## What needs to be done
For each line below that contains the word "Brises", return that line.

## Source data
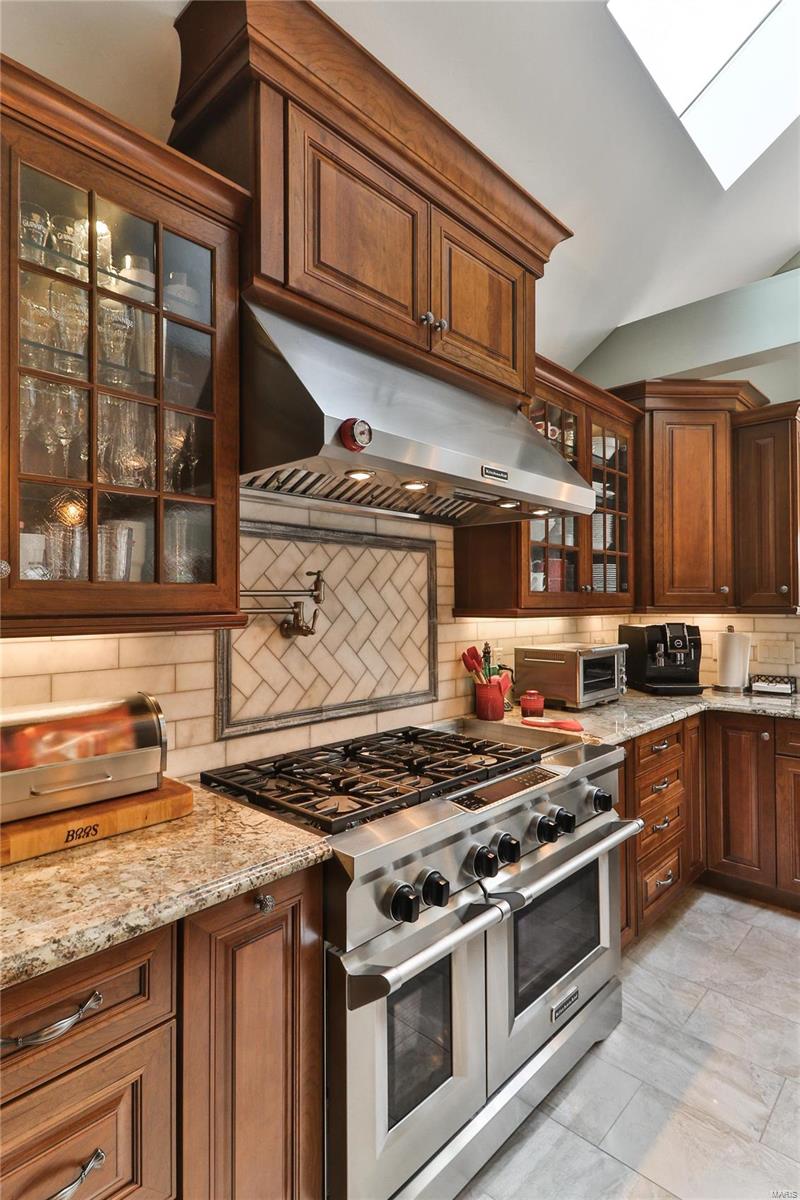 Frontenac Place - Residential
---
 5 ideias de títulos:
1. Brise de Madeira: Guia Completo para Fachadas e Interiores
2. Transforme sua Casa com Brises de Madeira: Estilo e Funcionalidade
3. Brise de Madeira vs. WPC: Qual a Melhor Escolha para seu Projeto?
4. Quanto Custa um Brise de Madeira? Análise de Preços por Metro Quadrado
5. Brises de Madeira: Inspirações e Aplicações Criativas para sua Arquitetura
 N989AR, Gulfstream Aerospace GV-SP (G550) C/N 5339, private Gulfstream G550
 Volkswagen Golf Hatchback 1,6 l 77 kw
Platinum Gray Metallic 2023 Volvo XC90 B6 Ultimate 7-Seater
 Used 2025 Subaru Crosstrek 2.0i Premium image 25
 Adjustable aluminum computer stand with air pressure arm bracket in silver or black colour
--
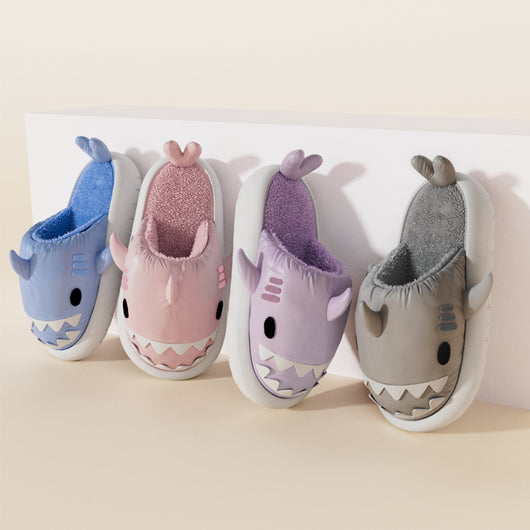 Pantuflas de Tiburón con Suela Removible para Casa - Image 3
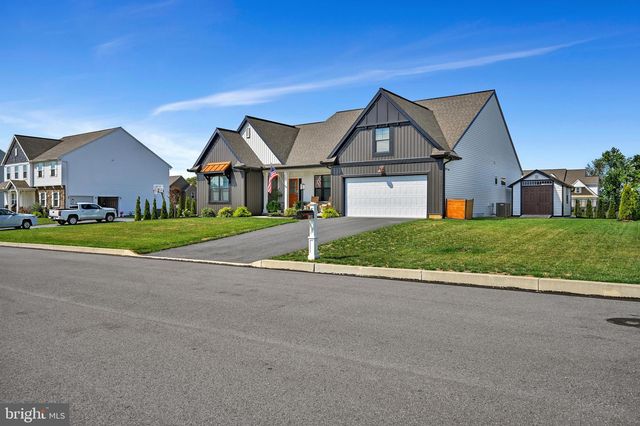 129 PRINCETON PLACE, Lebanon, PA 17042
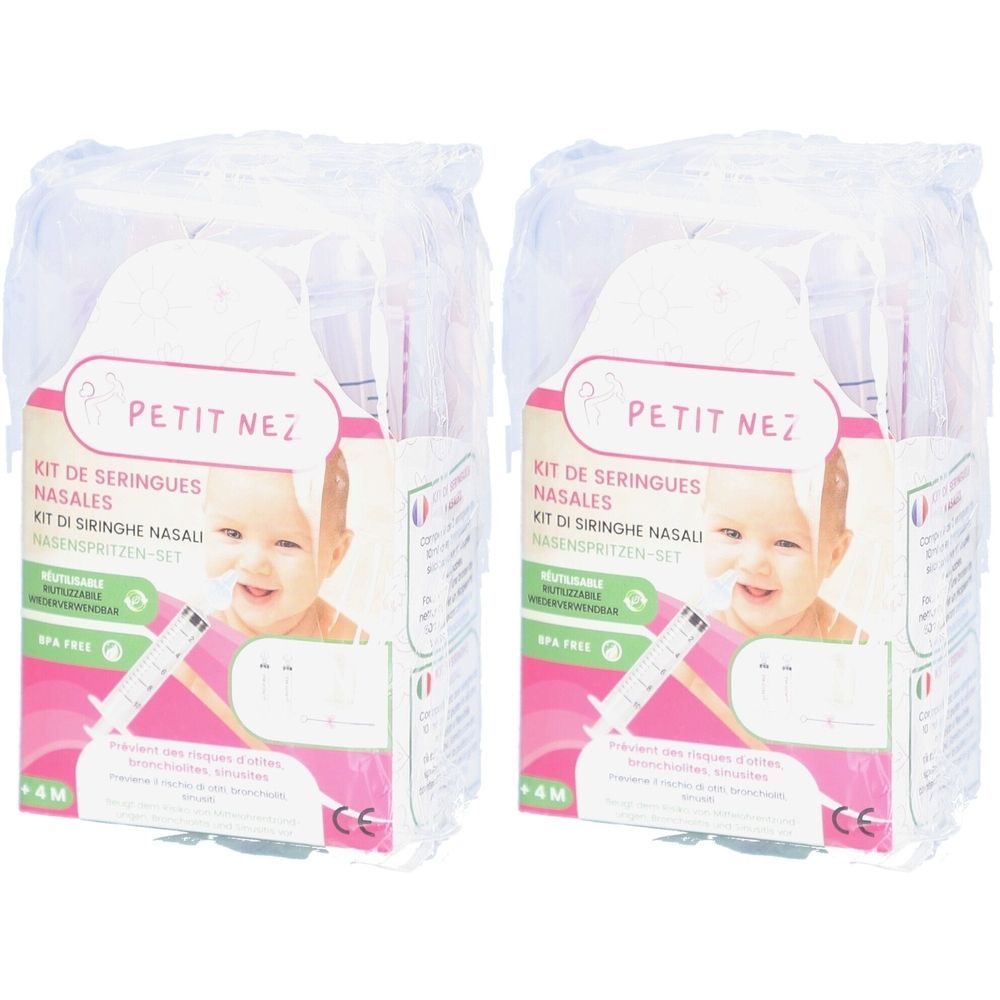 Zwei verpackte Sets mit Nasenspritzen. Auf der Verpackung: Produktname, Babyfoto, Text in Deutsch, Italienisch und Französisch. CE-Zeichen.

## Exercise solution
2. Transforme sua Casa com Brises de Madeira: Estilo e Funcionalidade
5. Brises de Madeira: Inspirações e Aplicações Criativas para sua Arquitetura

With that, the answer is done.